# Do Hedgies Smile?



## mosinmark1 (Feb 21, 2018)

http://www.hedgehogcentral.com/forums/attachment.php?attachmentid=84194&stc=1&d=1523560584

I swear Romeo smiled!:smile:


----------



## SquirtleSquirt (May 9, 2016)

I'd like to believe they do. I could've sworn I saw my baby smile once haha :lol:


----------



## autumnfox (Feb 5, 2018)

No, I don't believe so, but sometimes they really look like they are! Here is my smilin' girl! lol


----------



## mosinmark1 (Feb 21, 2018)

Well she looks like she is smiling to me. And so we must have the only two existing hedgies who smile!😀


----------



## Sylvester7812 (Feb 7, 2018)

I wanna say yes 😂 here’s my smiling boy


----------



## Clefairy_Doll (Apr 16, 2018)

Definitely called my boyfriend over to look at Shadow grinning while taking a nap. He thought I was joking, definitely was not. I love their little mouths


----------



## shetland (Sep 2, 2008)

*Sweet Expression*

Oh yes!

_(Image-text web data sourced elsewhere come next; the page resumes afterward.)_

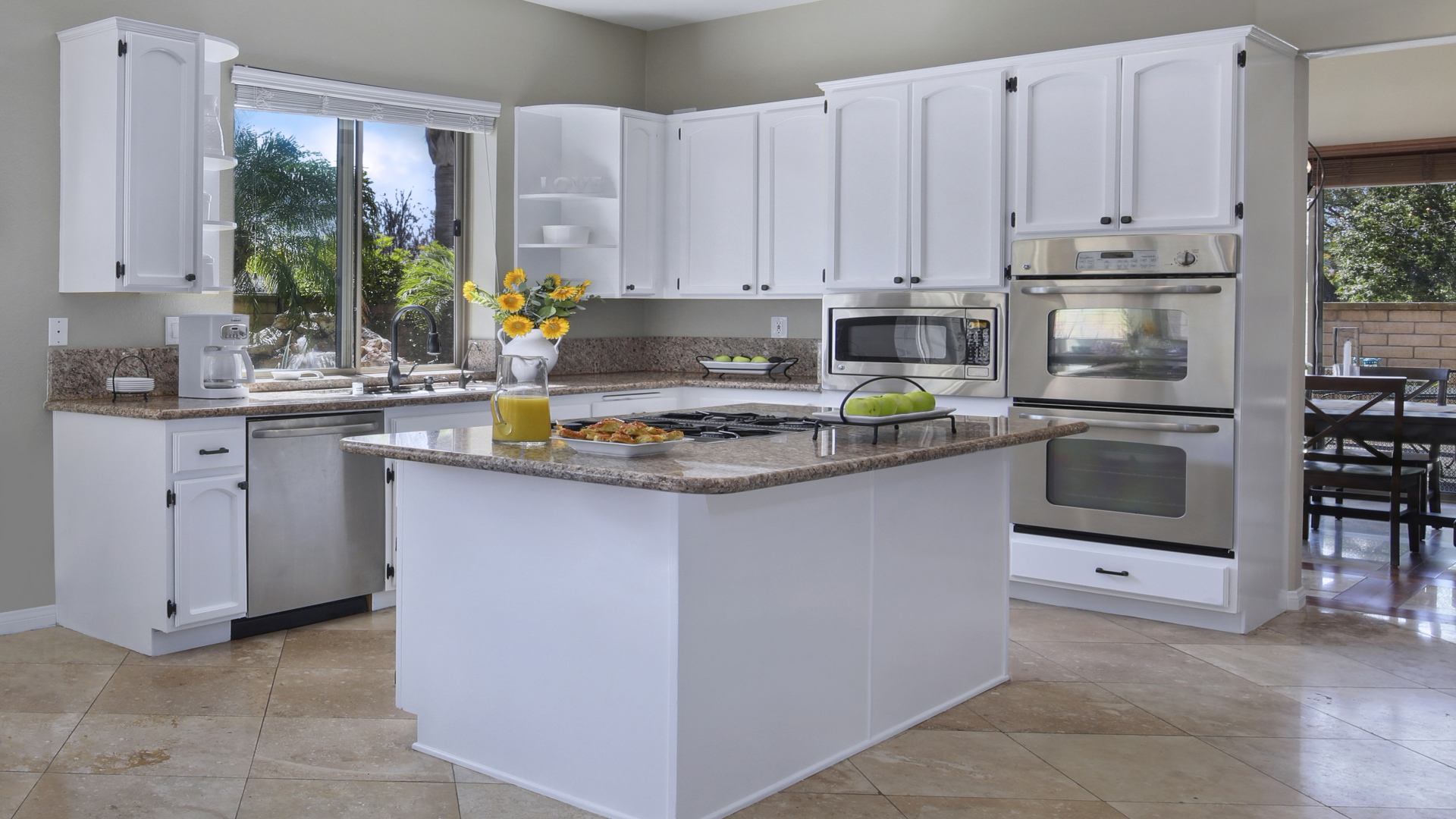 Стильный интерьер кухни в светлых тонах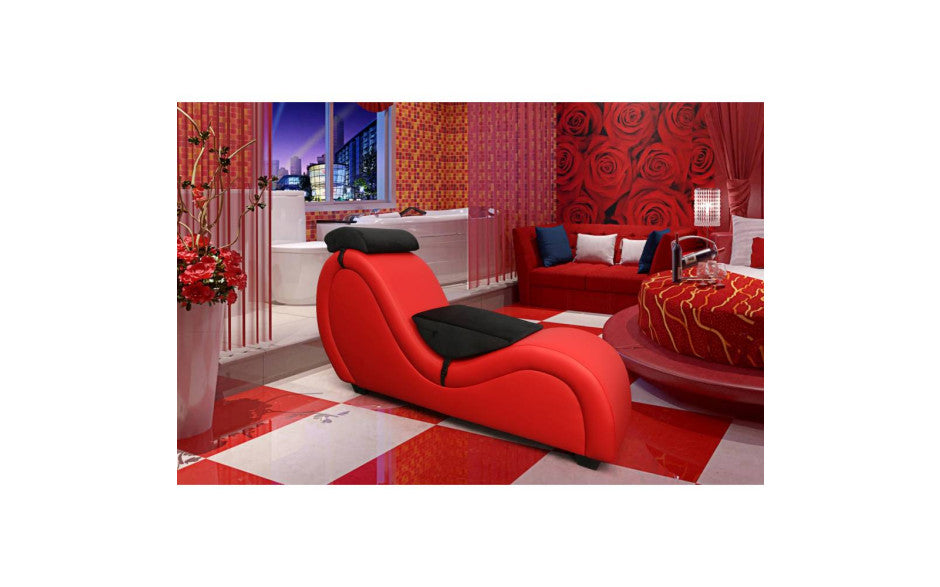 Daytona Kama Sutra Mebon Chaise Love Lounge Red With Black Pillows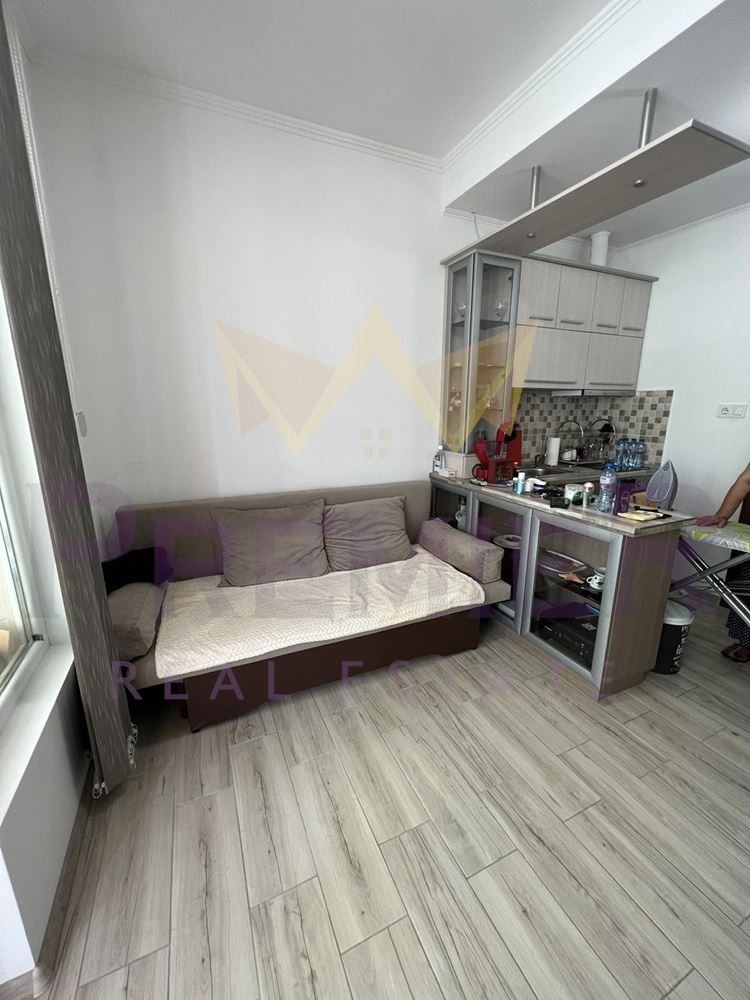 Do wynajęcia  1 sypialnia Warna , Wazrażdane 4 , 55 mkw | 12024500 - obraz [3]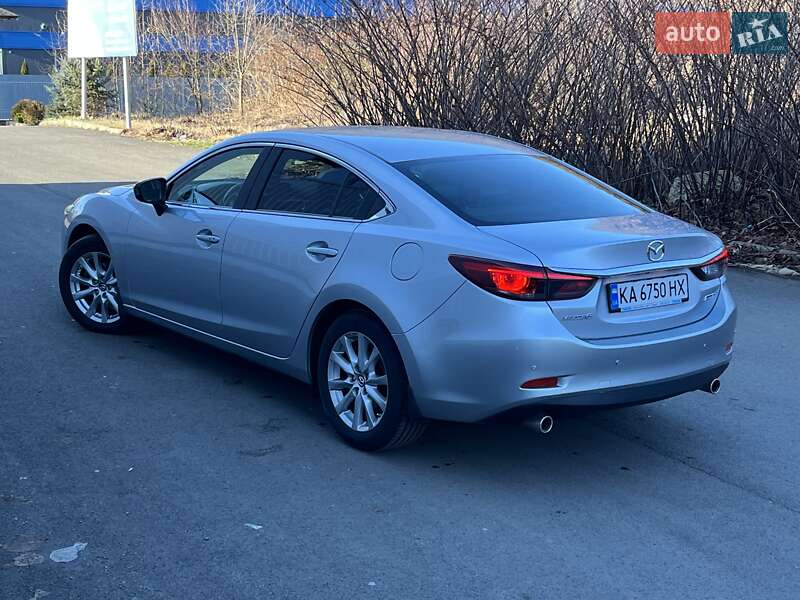 Седан Mazda 6 2016 в Мукачево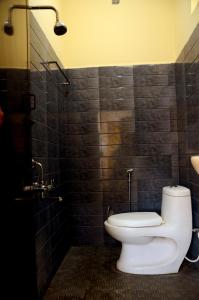 a bathroom with a toilet and a shower at sivashankaran homes in Tiruvannāmalai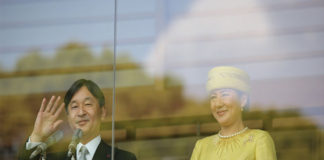 日本新日皇伉儷接受民眾慶賀。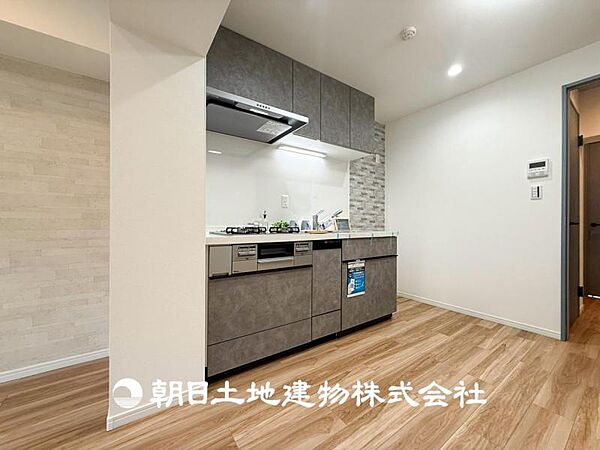 【キッチン】住宅の主役でもあり、日常生活を過ごす上で重要な水回りでもあるからこそ機能性・デザイン性に拘りました。お掃除のしやすいシステムキッチンを設置しました。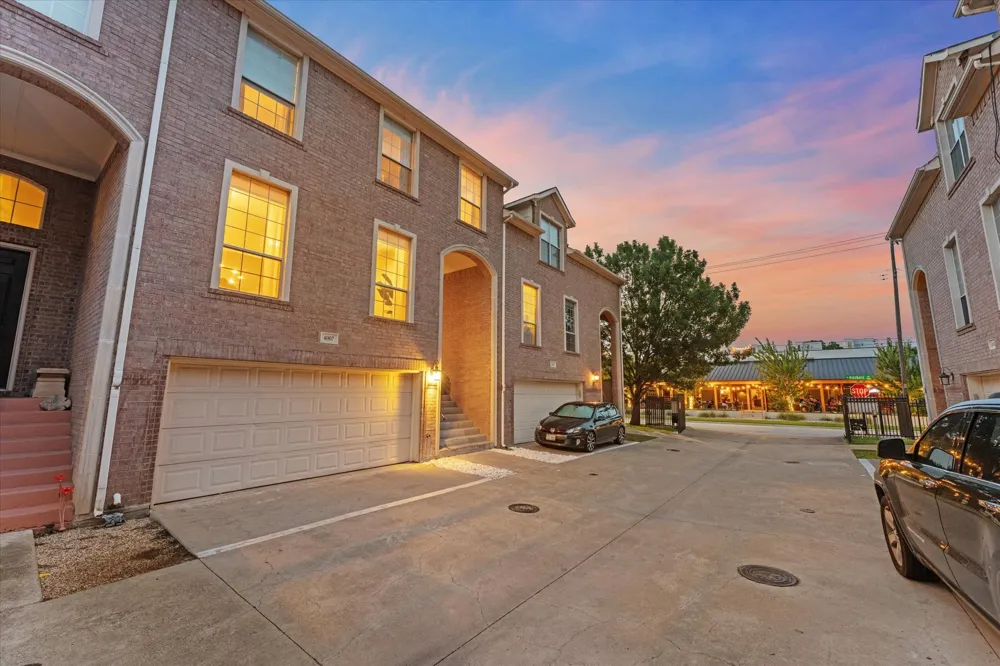 4007 Brownstone Court Dallas, TX 75204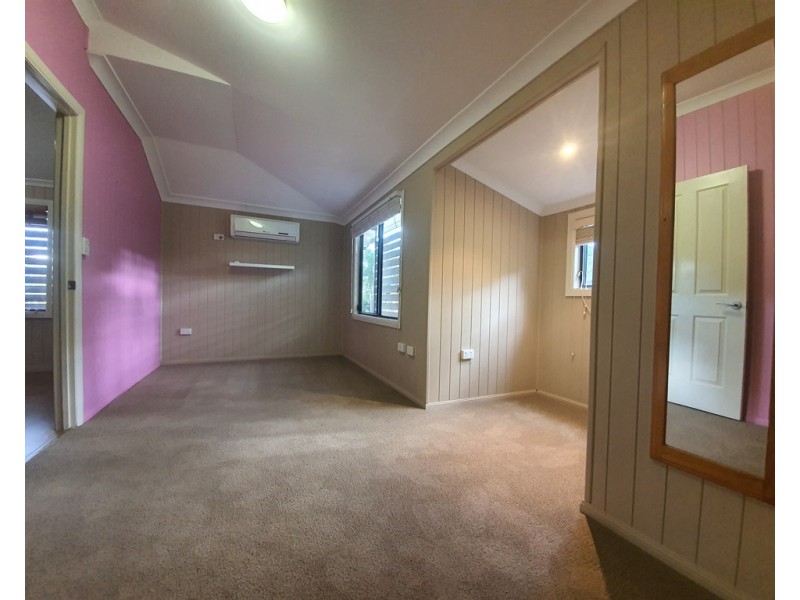 55 Anakie Street, Emerald QLD 4720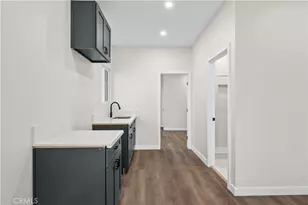 259 W 42nd St, Los Angeles, CA 90037 - Photo 27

I believe they exhibit expressions that certainly seem to show happiness and contentment!! Romeo is absolutely precious!!


----------



## shetland (Sep 2, 2008)

*Autumnfox*

Autumnfox, your adorable little girl looks like she is having sweet dreams!


----------



## HedgehogHarvey (May 31, 2017)

Harvey The Hedgehog

_(Obviously we know that's just a fold underneath his chin... but sure looks like a smile!)_


----------